The man, 31-year-old Joseph Burrell, was arrested last November after police claimed that a vitamin powder found in his vehicle was actually illegal amphetamines.
Charged with two counts of felony drug possession, Burrell was incarcerated on $250,000 bail while the substance awaited final testing at the state crime lab.
“I told the judge I couldn’t plead guilty to something I knew wasn’t a drug,” Burrell told the Mankato Free Press. “They set my bail at $250,000 for vitamins.”
After spending weeks behind bars, Burrell was quietly released only days before his trial. Man Released after Months in Jail for Possession of Vitamins
“I had been sitting in the jail since November with my bail set at $250,000,” Burrell said. “Then, two days before trial, they dropped the charges and let me go.”
Lab analysis corroborated Burrell’s claims after the powder did in fact turn out to be mere vitamins, not speed, as officers had claimed.
Even more concerning, Burrell stated that police waited more than a month to send the evidence to the crime lab after his arrest.
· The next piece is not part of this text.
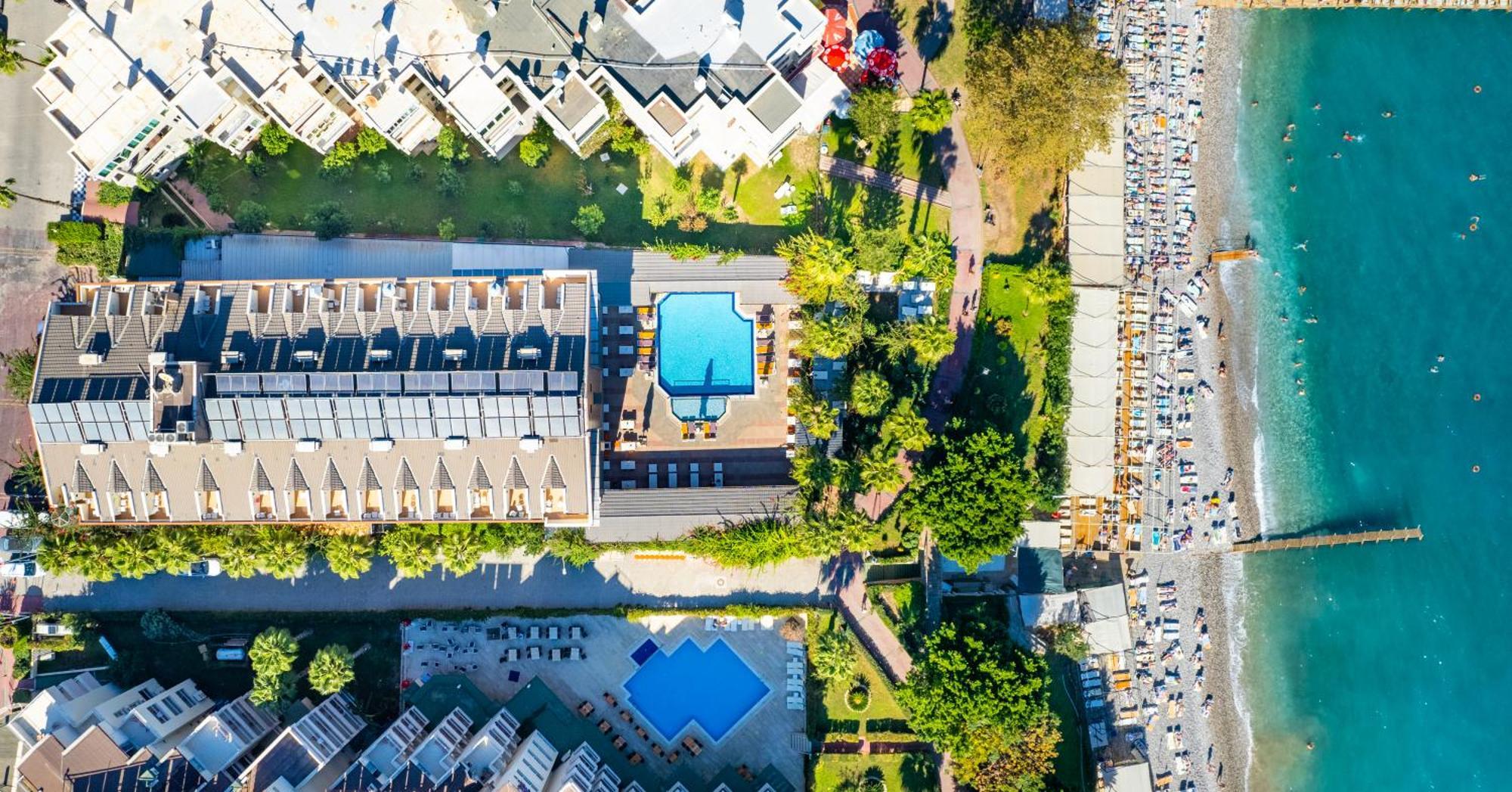 Fame Beach Hotel Kemer Zewnętrze zdjęcie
Similarly, the crime lab also waited one month after testing the substance to return it back to prosecutors.
As deplorable as Burrell’s situation is, many have not fared as favorably.
A multi-year investigation into the Federal Bureau of Investigation’s crime lab by the Department of Justice uncovered rampant tampering of evidence.
Frederic Whitehurst, former supervisory special agent in the FBI crime lab for more than a decade, joined the Alex Jones show in 2010 to discuss the FBI’s long history of fabricating and altering evidence. Whitehurt blew the whistle in the 1990s and forced the agency to adopt new guidelines in order to ensure greater oversight.